Der Bundeskanzler hat nun den raschen Ausbau von LNG-Terminals in Niedersachsen angekündigt. Aber kann die Einfuhr von Flüssiggas überhaupt einen nennenswerten Unterschied bei der Strom- und Wärmeversorgung machen?

Die Alternative von Flüssiggasanlandungen stellt sich für Deutschland vorerst nicht, da Protest bislang die Flüssiggasterminals an der Nordseeküste verhindert hat, und es Jahre dauert, nun diese Terminals einzurichten. Zwar haben die LNG-Terminals an der westeuropäischen Küste von Spanien bis Holland noch Aufnahmekapazität, aber es fehlt die Infrastruktur, dieses Gas in ausreichender Menge nach Mittel- und Osteuropa zu transportieren. Das große holländische Gasfeld Groningen, aus dem auch Deutschland bedient wurde, wird im ersten Halbjahr 2022 stillgelegt, da die Entnahme des Gases zu großräumigen Setzrissen geführt hat. Und das Umlenken der nach Asien gerichteten Gasexporte aus USA und Katar hätte zumindest eine Folge: erhebliche Preisaufschläge in einem Bieterwettstreit um amerikanisches Schiefergas und katarisches Gas.

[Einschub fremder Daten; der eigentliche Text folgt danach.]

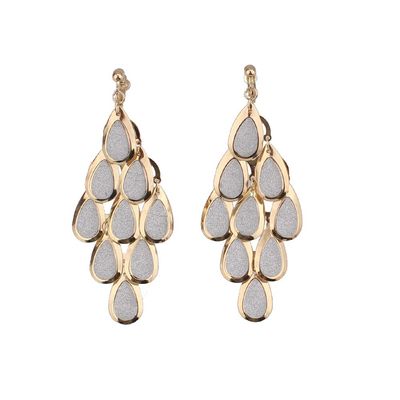 GRACE JUN Handmade Multi-layer Shiny Sequin Clip on Earrings No Pierced and Dangle Drop Earrings for Women  (Gold White)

Wie muss Deutschland seine Energiepolitik jetzt gestalten, um massive Energieengpässe zu verhindern?

Wie beim Thema militärische Aufrüstung ist auch in der Energiepolitik die Zeit für Tabubrüche und technologische Innovation gekommen, um die Kriegserklärung Putins an die europäische Sicherheit zu beantworten. Die Reduktion der zukünftigen Energieversorgung auf Windenergie, Photovoltaik und Erdgas trägt nicht mehr. Wir brauchen ein Moratorium zum Ausstieg aus der Kohle. Vor dem Hintergrund des Krieges in der Ukraine müssen wir die Importabhängigkeit verringern. Heimische Braunkohle ist hierzu ein wichtiger Schlüssel. Die drei verbliebenen Atomkraftwerke müssen erhalten bleiben. Und die Forschung an neuen Reaktorkonzepten im Atomgesetz muss wieder geöffnet werden. Klar ist aber auch, dass wir im Verlauf des Jahrhunderts CO2 reduzieren müssen und dazu gehören drei Säulen: der Ausbau der erneuerbaren Energien, die Nutzung von CCS und die Weiterentwicklung der Kernenergie. Ich war ja ein Pionier der erneuerbaren Energien – eine der ersten Fünf-Mega­watt-Offshore Windkraftanlagen in der Nordsee trägt meinen Vornamen: Fritz. Aber mir war immer klar, dass Erneuerbare Energien niemals 100 Prozent der Energieversorgung einer hochentwickelten Volkswirtschaft abdecken können. Neben der ökologischen Frage müssen die zwei anderen Säulen einer nachhaltigen Energieversorgung nun dringend einen höheren Stellenwert bekommen: die der Wirtschaftlichkeit und die der Versorgungssicherheit.